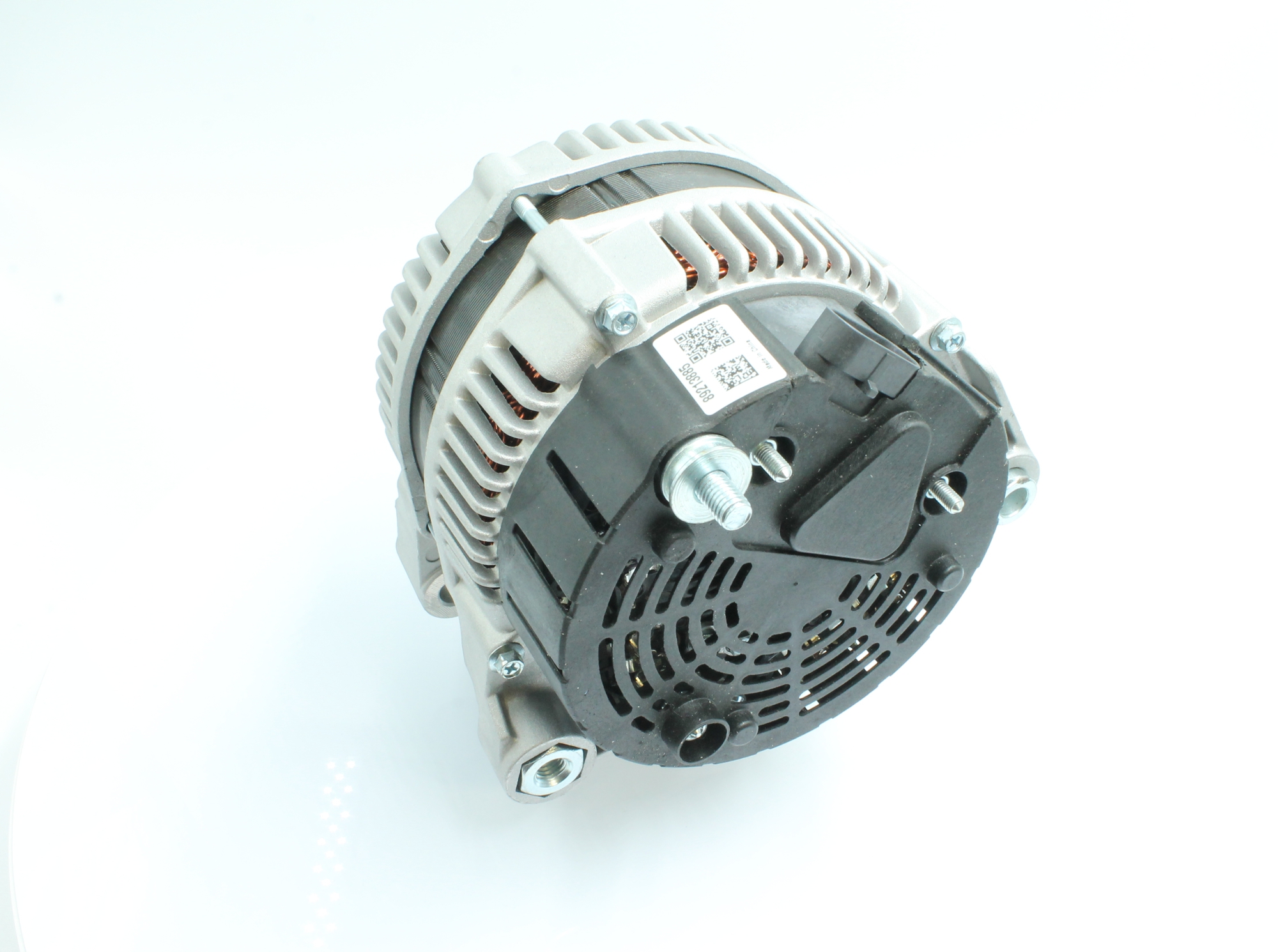 89213885 Generaator PowerMax 62 04 085 OPEL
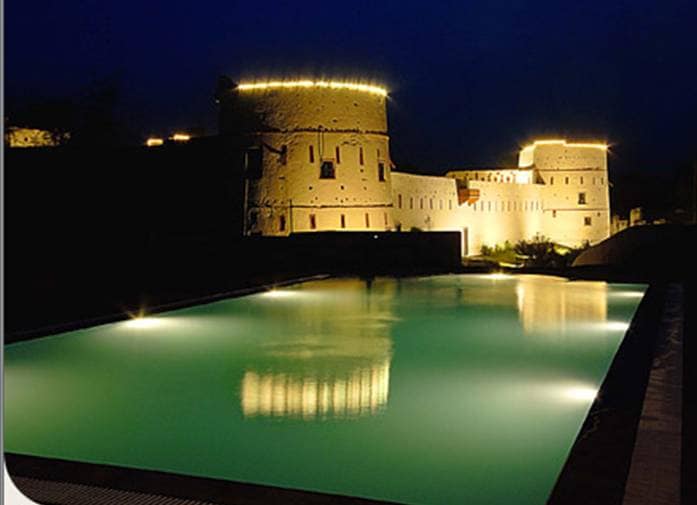Pachewar Garh Fort, Jaipur 2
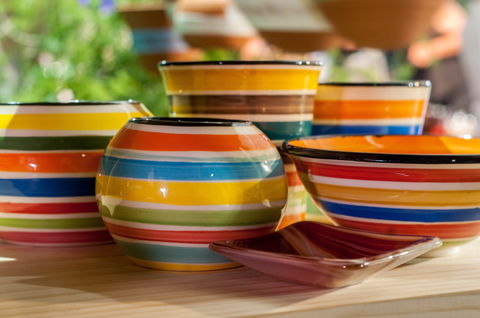 Hand Made Under The Stars - Twilight Market - Local Tourism 2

────────────────────────────────────────

WHAT TO WORK ON =>
Return the complete data unchanged and include none of the pictures.

ANSWER BOX =>
 89213885 Generaator PowerMax 62 04 085 OPEL
Pachewar Garh Fort, Jaipur 2
 Hand Made Under The Stars - Twilight Market - Local Tourism 2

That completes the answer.